Sauk Trail

Sauk Trail began as a Native American trail running through Illinois, Indiana and Michigan in the United States. From west to east, the trail ran from Rock Island on the Mississippi River to the Illinois River near modern Peru then along the north bank of that river to Joliet, and on to Valparaiso, Indiana. Then it ran northeasterly to LaPorte and into southern Michigan running through Niles, Three Rivers, Ypsilanti and ending at the Detroit River near Detroit. The trail followed a winding path around natural topography including following the ridges of dune and moraines that mark the earlier glacial period Lake Michigan shorelines. European settlers improved the trail into a wagon road and later into modern highways, although these often have been straightened and rerouted.

There is a suggestion that sections of the trail followed the southern boundary between the dense forest and the mixed grassland regions. The presence of a mastodon trailway along the same path indicates that the Native Americans may have been using a long established game trail. Henry Schoolcraft, at present-day Michigan City, Indiana in 1820, describes the trail, as a "plain horse path, which is considerably traveled by traders, hunters, and others..." and said that a stranger could not follow it without the services of a guide because of the numerous side trails. The Sauk Trail intersected many important trails and early roads including the trails to Vincennes, to Green Bay, to Fort Wayne and to Little Traverse Bay.

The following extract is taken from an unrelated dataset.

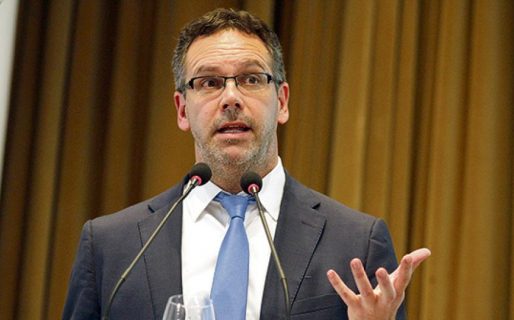 Sandleris vendió otros USD 94 millones y mantuvo el dólar estable a $57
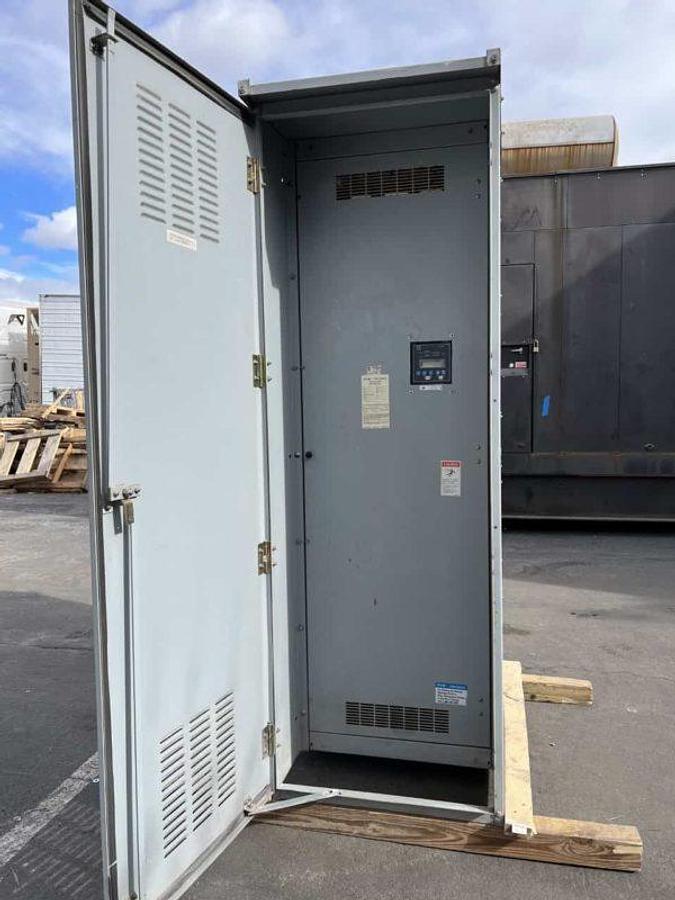 Used Eaton 800 Amp 450 Volt NEMA3R ATS Switch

Early European settlers used the trail including perhaps Rene-Robert Cavelier, Sieur de La Salle in 1678 to reach Fort Miami, an early fur trade post. Later traders and their Indian suppliers would continue to use the trail. The French and later British militaries used the trail during the time when they occupied Fort St. Joseph. In 1781, the Spanish also used the trail when they raided Fort St. Joseph during the American Revolutionary War.

To better supply the isolated Fort Dearborn in Chicago, the American Congress passed an act to construct a road from Chicago to Detroit. The surveying for this Chicago Road began in 1825 but financial shortfalls led to a decision to mostly follow the path of the Sauk Trail which military couriers were already using. By 1835, daily stage coach departures run by the Western Stage Company traveled all the way from Chicago to Detroit on a multi-day trip whose travel time was dependent on how bad the road was at the particular season. The Chicago Road was described as "a huge serpent, lazily pursuing its onward course, utterly unconcerned as to its destination."

Sections of the trail still exist in some form; for example, the winding road still called Sauk Trail which runs from Frankfort, Illinois to Dyer, Indiana (passing through the town of Sauk Village, Illinois). Johnson Sauk Trail State Park in western Illinois sits on another section of the trail. Sauk Trail forms the southern boundary of Sauk Trail Woods park. When the Lincoln Highway, the first national transcontinental highway was built, its route through western Indiana followed the roads built over the Sauk Trail.

Although called the Sauk Trail after the Sac tribe, other local tribes (such as the Fox, Ho-Chunk (Winnebago), Kickapoo, Potawatomi, Kaskaskia, and Peoria) were known to use it and the trail probably predates Sac presence in the area. The Sac, however, had to travel the entire length of the trail from their home near Rock Island to collect their treaty payments from the British at Fort Malden near Detroit (and later from the Americans at Detroit).